The plague re-appeared from time to time, and in 1580 and 1639 the town was again visited by earthquakes.
But the historical bench-mark of Ragusa was the great seismic disturbance of 1667. With this as the basis, the dates of all subsequent or previous events of importance were calculated; even to-day the people of the town will tell you that the church of San Biagio was destroyed by fire “thirty-nine years after the earthquake.”
Early in the morning of April 6th, 1667, this great disaster descended without any warning upon the people of Ragusa. The earth seemed to roll and vibrate under the internal pressure; immense fissures were cleft in the surface and almost every house in the city was razed to the ground; five thousand citizens, the Rector of the Republic included among them, perished. The ruins took fire and the town was looted by hordes of plunderers; even the treasures of the churches were carried away.
Because the Ragusans had made some armed resistance against the Turks, many of whom were among the chief looters, the Sublime Porte demanded an explanation. Nicola Bona and Marino Gozze were chosen as peace commissioners to Turkey, but both were thrown into prison at Silistria. Two others that followed suffered the same fate.
Although deluged with misfortunes Ragusa prospered, but her continued prosperity was not watched without some jealousy on the part of the powers of Europe.
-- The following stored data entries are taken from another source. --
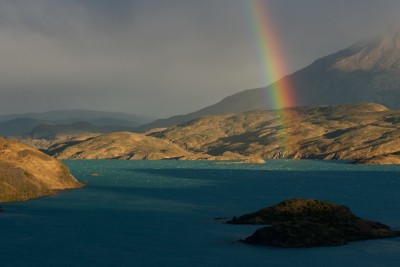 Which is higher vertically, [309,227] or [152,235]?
[309,227]

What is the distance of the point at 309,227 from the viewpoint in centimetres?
9406

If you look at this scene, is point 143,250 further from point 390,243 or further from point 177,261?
point 390,243

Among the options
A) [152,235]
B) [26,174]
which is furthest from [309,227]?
[26,174]

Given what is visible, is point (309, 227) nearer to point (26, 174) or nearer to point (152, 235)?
point (152, 235)

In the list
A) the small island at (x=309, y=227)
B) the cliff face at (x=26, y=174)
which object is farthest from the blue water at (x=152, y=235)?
the cliff face at (x=26, y=174)

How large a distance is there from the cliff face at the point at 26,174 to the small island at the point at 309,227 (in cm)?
7626

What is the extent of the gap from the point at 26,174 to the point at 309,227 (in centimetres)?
10847

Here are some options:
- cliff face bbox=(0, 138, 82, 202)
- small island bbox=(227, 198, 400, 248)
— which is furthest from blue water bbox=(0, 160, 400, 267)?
cliff face bbox=(0, 138, 82, 202)

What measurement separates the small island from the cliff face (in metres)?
76.3

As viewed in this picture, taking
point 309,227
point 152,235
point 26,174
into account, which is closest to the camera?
point 309,227

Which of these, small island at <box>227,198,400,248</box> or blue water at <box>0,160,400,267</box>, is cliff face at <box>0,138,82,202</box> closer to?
blue water at <box>0,160,400,267</box>

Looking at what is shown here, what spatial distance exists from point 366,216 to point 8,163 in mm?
109432

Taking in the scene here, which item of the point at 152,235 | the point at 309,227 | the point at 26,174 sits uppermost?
the point at 26,174

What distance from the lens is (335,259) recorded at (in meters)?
81.0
At the height of her ascendency, Russia and France both grew hungry for her, and Russia, aided by the Montenegrins, bombarded and sacked the city. In 1806 Napoleon took Ragusa, and eight years later the combined efforts of England and Austria caused the haughty, supercilious little principality to be annexed to Austria.
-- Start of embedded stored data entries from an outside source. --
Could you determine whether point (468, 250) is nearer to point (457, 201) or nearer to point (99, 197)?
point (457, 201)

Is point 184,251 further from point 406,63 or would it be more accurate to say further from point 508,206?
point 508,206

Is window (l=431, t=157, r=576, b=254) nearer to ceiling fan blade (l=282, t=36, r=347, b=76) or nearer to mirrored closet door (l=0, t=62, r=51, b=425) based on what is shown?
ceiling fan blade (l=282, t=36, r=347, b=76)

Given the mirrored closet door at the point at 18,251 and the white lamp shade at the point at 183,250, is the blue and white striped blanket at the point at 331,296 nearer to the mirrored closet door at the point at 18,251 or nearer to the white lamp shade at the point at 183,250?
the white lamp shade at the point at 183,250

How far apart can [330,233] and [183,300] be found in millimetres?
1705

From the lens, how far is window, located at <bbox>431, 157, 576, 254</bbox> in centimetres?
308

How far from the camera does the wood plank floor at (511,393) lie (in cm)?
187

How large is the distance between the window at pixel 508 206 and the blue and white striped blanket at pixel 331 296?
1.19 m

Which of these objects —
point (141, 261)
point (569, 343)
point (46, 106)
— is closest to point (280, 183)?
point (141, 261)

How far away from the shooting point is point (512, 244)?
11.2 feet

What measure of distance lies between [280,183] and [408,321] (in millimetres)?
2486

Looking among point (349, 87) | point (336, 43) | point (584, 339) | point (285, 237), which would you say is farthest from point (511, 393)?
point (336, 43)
You will find such an exaggerated air of independence among the Ragusans of to-day that you will little wonder that they held themselves for four hundred years against the nations of Europe and outlived the effects of their calamities.
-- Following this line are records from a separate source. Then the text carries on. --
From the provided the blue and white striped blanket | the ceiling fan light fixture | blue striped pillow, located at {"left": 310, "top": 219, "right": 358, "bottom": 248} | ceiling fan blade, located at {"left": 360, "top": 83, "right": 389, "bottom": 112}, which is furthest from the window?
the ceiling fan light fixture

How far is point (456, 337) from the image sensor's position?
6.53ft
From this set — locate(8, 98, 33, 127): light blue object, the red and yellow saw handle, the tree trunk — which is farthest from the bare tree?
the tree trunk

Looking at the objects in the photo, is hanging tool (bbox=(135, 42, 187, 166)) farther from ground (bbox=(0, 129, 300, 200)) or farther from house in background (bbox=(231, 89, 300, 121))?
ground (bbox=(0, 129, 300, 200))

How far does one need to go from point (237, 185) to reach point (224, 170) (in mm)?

I was talking with a native on the Corso one day and happened to ask him, casually, what was the nature of the reception the people of Ragusa tendered the Austrian Emperor upon the occasion of his visit a short time before. He seemed offended that I even intimated that they had given the Emperor a reception, and assured me that the Ragusans had taken the matter of his visit as an occasion of no importance whatever. But he hastened to tell me in detail of the demonstration planned for the Crown Prince of Montenegro, who was expected soon to make a short stay in the city.
Ragusa, as I have said, is the much favoured winter resort of the Austrian and Hungarian aristocracy, and it would be difficult to imagine a more delightful one. The climate is ideal. Although the atmosphere is free from humidity the sun of a summer’s day is quite hot—so hot, in fact, that you will be tempted to indulge in a three-dollar white duck suit at one of the little shops along the Corso.
The evenings, however, are always agreeably cool. Then the band plays in the “piazza,” on the top of the cliff, and the town awakens from its apparent lethargy. From the docks the sardine fishermen, after overhauling their tiny craft, put out to sea in the evening twilight, to make their nightly catch among the bays and inlets of the rock-bound coast. Beyond the bastiles and sea-fortresses the afterglow of the brilliant sunset tinges La Croma in hues of purple and gold.